Why would I write my manuscript in RStudio?

The main reasons to write in RStudio ( and not in f.i. Word ) are reproducibity, and version control. Writing in plain text as you do in RStudio makes it very easy to keep track of your work with version control and the plain files are easily shared. Working from RStudio also allows you to combine the code and text in one document. This is called literate programming. Literate programming makes it incredibly easy to share your code (it’s in the document) and compiling the document runs the code again, ensuring reproducibility.

I use RStudio projects so everything important to a project is in the same folder and the working directory is automatically correct.

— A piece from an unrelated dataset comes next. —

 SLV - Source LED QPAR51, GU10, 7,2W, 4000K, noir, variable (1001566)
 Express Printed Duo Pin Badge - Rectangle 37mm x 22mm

I create a new RMarkdown document rmarkdown doc

Earlier workflows

It was always possible to intersperse code and text in R, previously people used the Sweave package to combine code and text. You had to write the text in Latex and markup the code. Latex prints very pretty, but in raw form it is horrible to read, as you can see in the example:

\documentclass[12pt]{article}
\usepackage{lingmacros}
\usepackage{tree-dvips}
\begin{document}

\section*{Notes for My Paper}

Don't forget to include examples of topicalization.
They look like this:

{\small
\enumsentence{Topicalization from sentential subject:\\ 
\shortex{7}{a John$_i$ [a & kltukl & [el & 
  {\bf l-}oltoir & er & ngii$_i$ & a Mary]]}
{ & {\bf R-}clear & {\sc comp} & 
  {\bf IR}.{\sc 3s}-love   & P & him & }
{John, (it's) clear that Mary loves (him).}}
}

I copied this from a example page.^[http://mally.stanford.edu/~sr/computing/latex-example.html]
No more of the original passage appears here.